Madam Han saw that look too. Her patience thinned.

“Say it,” she said. “If you have a case, make it. If you don’t, stop wasting the board’s time.”

Shen Wei’s expression had gone flat. He knew the next sentence could ruin the room for him or for her, and he did not know which way Liu Chen would swing it.

Shen Yao’s fingers tightened once around each other.

Liu Chen drew a slow breath and measured the table, the packet, the clock, the people waiting to see whether he would swallow the same silence again.

This was not a small choice. It was the first time the room had forced him to decide whether he was still the son-in-law who stayed quiet to keep peace, or the man who could burn that peace down with a single name.

Madam Han’s voice went colder. “If you can’t speak cleanly, you can be cut off from this hearing entirely.”

The secretary’s pen froze above the minutes.

Zhou Ming did not hurry him.

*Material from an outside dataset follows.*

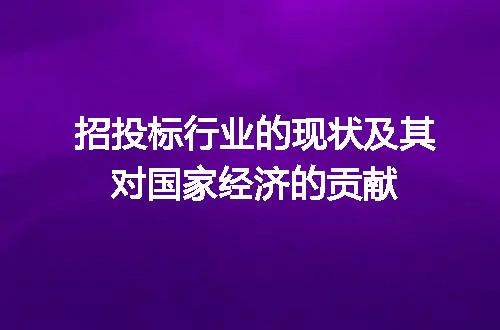 https://jian-housekeeper.oss-cn-beijing.aliyuncs.com/news/bannerImage/45286.jpg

That was worse than pressure. The open envelope lay on the vote packet like a blade set down and left waiting.

Liu Chen’s eyes moved once to the chairman’s seat, then back to the paper in front of him. His right hand slid under the top folder and closed on the edge of another document Madam Han had not noticed him preparing.

She had been sure she was controlling the room.

She had not realized he had been waiting for this cut.

“Madam Han,” he said, and the formality in his voice made the whole table go still. “If you want to keep pretending this is a household matter, you should not have routed it through Mingyuan Capital.”

Her gaze sharpened. For the first time that day, she looked ready to interrupt him out of instinct rather than strategy.

Liu Chen did not give her the chance.

He lifted the hidden document into view.

The room saw the seal first.

Then the chairman’s name.

Then the page that could rewrite everything before the board rule ever landed.